Sunday, November 20, 2011

Abandonment Issues: R.L. Hearn Thermal Generating Station

IMG_7392

The R.L. Hearn Thermal Generating Station opened in 1951, providing power to the city of Toronto and beyond. On March 22, 1961, the plant hit full steam so to speak. At full capacity of 1 200 MW, the boilers burned approximately 400 tonnes of coal per hour, and 36 million gallons of Lake Ontario water were also needed hourly to cool the turbines and other equipment. At its peak in the 1960s, the plant employed over 600 people. Hearn was a heavy polluter and contributed to Toronto's smog problem, which continues to be an environmental and health issue to this day. In 1971, the entire plant was converted to burn natural gas, but remained to burn coal in 4 of the 8 units. In 1978-79, units 1-5 were mothballed, and in 1983, due to air pollution and an abundant source of energy across the province, power production ceased. 10 employees remained at Hearn until 1995, manning the electrical control room, operating some of the generators as synchronous condensers to improve Toronto's power quality.
In 2002, the boilers and other equipment were removed in anticipation of a new lease with Studios of America, who planned to build a massive film studio on site, but the deal fell through. However, Studios of America still has a lease to this day with Ontario Power, with a duration between 20 and 32 years, depending on which party you ask. Many films and television shows have been filmed at Hearn in recent years, and it has become a playground for urban explorers and photographers.

As alluring as Hearn may be, it also presents a plethora of dangers. On June 15, 2008, a fellow urban explorer was trespassing on site, when he fell three stories into a coal chute where he was trapped for three hours, pinned under a steel plate. Unfortunately, he succumbed to his injuries and died in hospital two days later.

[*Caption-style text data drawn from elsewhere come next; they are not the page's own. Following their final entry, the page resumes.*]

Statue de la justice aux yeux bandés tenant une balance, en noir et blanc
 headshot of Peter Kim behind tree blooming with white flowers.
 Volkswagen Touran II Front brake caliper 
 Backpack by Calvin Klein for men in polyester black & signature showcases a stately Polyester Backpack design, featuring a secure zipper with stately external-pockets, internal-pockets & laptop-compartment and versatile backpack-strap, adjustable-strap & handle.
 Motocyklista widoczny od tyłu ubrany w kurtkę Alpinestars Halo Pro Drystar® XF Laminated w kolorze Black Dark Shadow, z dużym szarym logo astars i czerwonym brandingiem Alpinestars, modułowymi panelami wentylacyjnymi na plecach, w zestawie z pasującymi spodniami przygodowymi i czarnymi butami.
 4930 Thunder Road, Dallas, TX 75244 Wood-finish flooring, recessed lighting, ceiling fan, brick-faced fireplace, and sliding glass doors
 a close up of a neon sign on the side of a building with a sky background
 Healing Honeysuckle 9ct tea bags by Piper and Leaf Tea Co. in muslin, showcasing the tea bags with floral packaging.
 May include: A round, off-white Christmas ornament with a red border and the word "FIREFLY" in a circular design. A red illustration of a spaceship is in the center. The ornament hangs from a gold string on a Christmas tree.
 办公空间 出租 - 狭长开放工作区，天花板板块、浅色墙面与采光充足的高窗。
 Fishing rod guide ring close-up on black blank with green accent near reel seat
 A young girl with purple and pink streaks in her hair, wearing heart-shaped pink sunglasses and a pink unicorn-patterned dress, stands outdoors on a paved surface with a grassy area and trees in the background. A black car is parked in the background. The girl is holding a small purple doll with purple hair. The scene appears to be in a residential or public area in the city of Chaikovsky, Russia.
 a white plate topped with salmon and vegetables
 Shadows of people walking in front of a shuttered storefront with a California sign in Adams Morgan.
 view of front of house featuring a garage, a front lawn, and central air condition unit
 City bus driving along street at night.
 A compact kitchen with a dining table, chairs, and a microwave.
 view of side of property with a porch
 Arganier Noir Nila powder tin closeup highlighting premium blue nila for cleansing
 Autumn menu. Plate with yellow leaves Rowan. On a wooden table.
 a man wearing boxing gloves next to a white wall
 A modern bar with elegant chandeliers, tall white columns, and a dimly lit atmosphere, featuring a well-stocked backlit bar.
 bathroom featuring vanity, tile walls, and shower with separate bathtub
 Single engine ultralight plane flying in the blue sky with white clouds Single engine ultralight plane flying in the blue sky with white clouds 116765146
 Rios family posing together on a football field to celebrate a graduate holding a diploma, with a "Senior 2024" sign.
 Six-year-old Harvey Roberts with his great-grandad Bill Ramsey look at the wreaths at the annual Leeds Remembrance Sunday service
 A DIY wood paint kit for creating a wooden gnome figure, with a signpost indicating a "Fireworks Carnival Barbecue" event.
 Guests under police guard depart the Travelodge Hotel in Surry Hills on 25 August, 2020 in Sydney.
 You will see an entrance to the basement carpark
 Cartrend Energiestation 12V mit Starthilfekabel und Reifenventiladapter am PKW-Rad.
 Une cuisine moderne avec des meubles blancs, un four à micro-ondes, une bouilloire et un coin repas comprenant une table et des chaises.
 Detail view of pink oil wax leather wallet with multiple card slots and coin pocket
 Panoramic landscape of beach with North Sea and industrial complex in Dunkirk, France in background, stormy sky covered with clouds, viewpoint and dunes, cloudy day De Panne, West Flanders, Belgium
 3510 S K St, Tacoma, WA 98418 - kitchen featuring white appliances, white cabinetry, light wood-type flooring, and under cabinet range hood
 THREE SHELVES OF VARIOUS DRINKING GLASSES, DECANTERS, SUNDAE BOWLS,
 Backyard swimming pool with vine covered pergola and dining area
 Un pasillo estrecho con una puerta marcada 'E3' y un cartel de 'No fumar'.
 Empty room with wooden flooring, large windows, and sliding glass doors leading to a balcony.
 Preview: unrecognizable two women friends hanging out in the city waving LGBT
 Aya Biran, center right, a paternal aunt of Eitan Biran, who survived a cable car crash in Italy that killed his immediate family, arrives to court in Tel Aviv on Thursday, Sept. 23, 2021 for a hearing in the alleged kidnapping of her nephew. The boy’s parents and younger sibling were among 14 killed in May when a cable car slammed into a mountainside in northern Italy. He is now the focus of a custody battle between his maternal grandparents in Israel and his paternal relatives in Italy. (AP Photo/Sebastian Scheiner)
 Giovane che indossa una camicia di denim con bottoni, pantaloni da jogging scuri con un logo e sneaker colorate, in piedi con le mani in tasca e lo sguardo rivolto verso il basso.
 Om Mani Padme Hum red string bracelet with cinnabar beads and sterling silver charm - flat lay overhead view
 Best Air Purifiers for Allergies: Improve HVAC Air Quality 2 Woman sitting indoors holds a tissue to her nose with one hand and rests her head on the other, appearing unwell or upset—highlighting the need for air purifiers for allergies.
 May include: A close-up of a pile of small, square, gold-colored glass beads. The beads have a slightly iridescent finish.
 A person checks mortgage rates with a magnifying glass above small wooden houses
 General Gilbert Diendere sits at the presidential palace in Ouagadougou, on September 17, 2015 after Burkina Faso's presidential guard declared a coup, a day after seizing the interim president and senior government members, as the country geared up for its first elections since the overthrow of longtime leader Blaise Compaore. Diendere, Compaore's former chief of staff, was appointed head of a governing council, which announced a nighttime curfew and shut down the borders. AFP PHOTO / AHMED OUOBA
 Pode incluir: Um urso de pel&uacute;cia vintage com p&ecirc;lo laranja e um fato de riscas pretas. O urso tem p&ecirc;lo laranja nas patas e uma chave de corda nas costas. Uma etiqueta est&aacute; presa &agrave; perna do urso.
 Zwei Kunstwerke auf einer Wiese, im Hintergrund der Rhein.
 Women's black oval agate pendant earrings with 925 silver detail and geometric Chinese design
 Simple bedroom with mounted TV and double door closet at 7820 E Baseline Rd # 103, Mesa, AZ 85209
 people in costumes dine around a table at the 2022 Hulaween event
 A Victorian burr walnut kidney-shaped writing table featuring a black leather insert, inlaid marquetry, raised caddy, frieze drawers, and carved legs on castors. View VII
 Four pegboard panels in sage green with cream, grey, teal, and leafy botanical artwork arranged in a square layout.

This post is dedicated to the memory of that explorer, and his loved ones.
R.I.P. Ryan Nyenhuis.

Our first pilgrimage to Hearn in February of 2011 was a scouting mission that went all wrong. Face to face with security is a bad way to start a scout. It left a sour taste in both of our mouths but taught us many valuable lessons that have helped us greatly in all of our explorations this year.

And here we stand, finally inside the belly of the beast, tense in the present tense. jerm and Ninja IX, with our tour guide, a fellow explorer named Skootles. Our introductions are brief and incomplete when out of nowhere Skootles dodges behind a pillar, kicking up dust, and we do likewise instinctively. A man is standing across the building, glaring in our direction. We assume he is the security guard that patrols the property 24/7, and we become mannequins. We peek and creep around corners, hoping to avoid him as he gets closer and closer. We take a wrong turn and pin ourselves in a corner. We whisper and plot, gesturing with our hands. He saw me peek out just now, I know he did. We locked eyes. To our surprise, he passes us by and we quickly venture deeper into Hearn.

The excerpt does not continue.